*TASK DESCRIPTION:*
Only one stretch of the records below is wanted: the lines from the one holding "ejemplo de mascarilla higiénica terminada" through the one holding "Comparison Plot". Return it exactly, both ends included.

*** DATA SUPPLIED ***

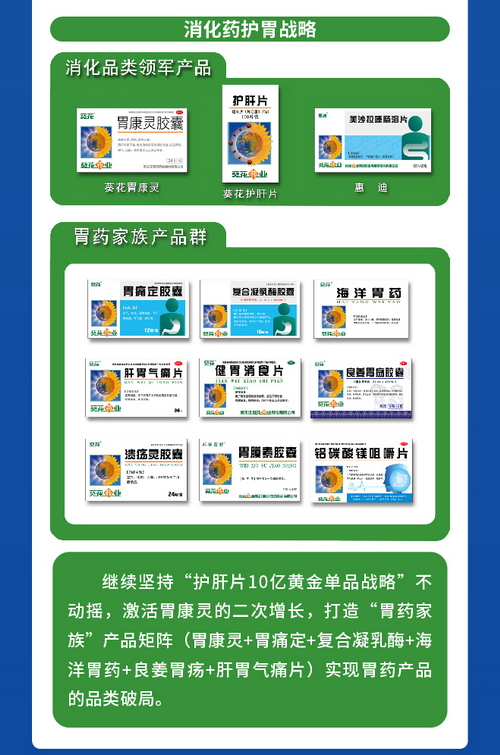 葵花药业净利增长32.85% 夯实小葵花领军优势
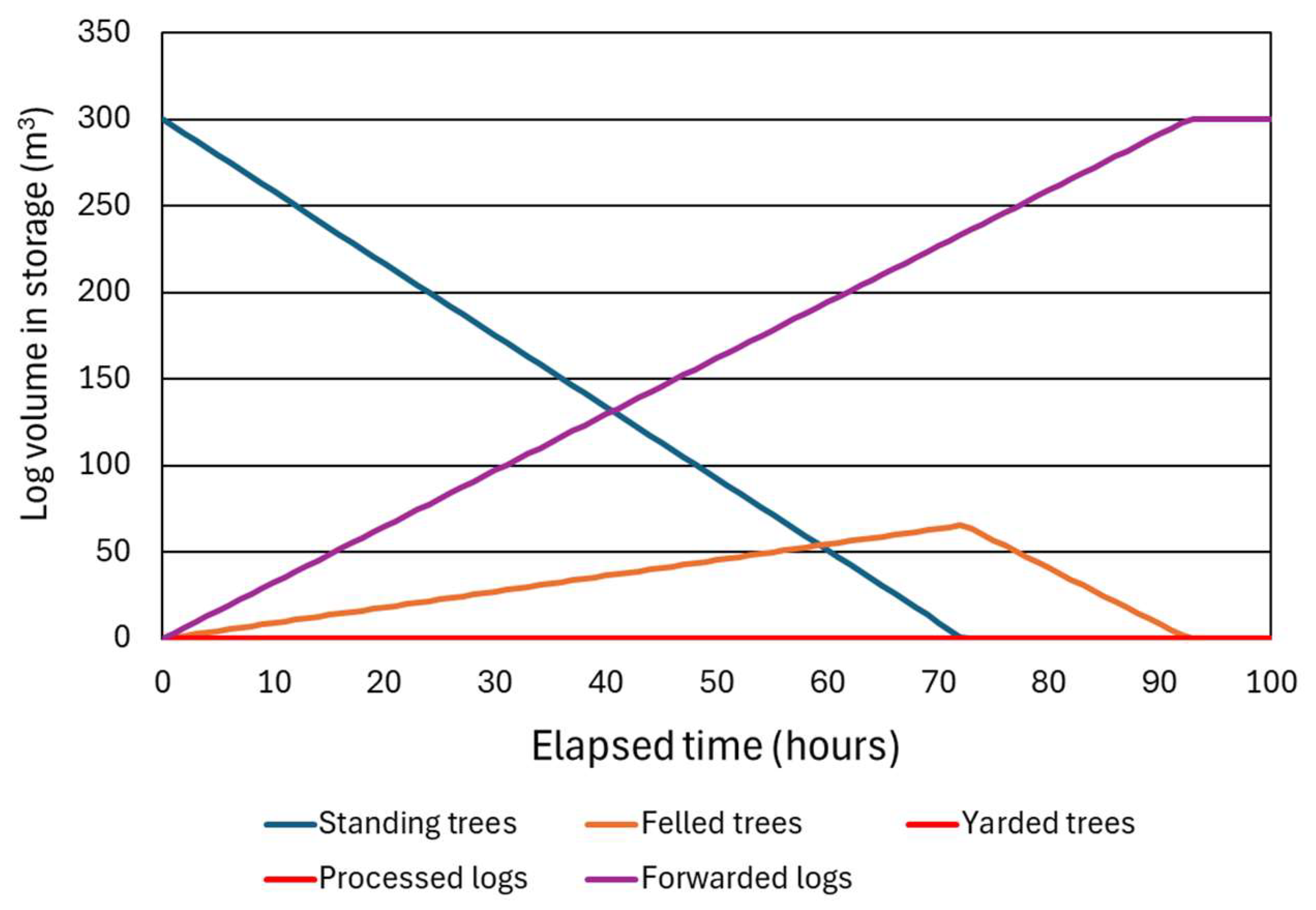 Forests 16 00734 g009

*** End of DATA SUPPLIED ***
*** DATA SUPPLIED ***

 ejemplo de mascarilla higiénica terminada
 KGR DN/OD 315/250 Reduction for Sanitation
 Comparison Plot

*** End of DATA SUPPLIED ***
*** DATA SUPPLIED ***

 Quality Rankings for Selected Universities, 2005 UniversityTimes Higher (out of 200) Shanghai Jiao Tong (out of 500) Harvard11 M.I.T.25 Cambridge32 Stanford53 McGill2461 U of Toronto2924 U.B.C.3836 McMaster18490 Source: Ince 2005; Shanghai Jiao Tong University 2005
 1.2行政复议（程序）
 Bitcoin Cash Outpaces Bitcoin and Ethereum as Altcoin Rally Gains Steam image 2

*** End of DATA SUPPLIED ***

*YOUR RESPONSE:*
 ejemplo de mascarilla higiénica terminada
 KGR DN/OD 315/250 Reduction for Sanitation
 Comparison Plot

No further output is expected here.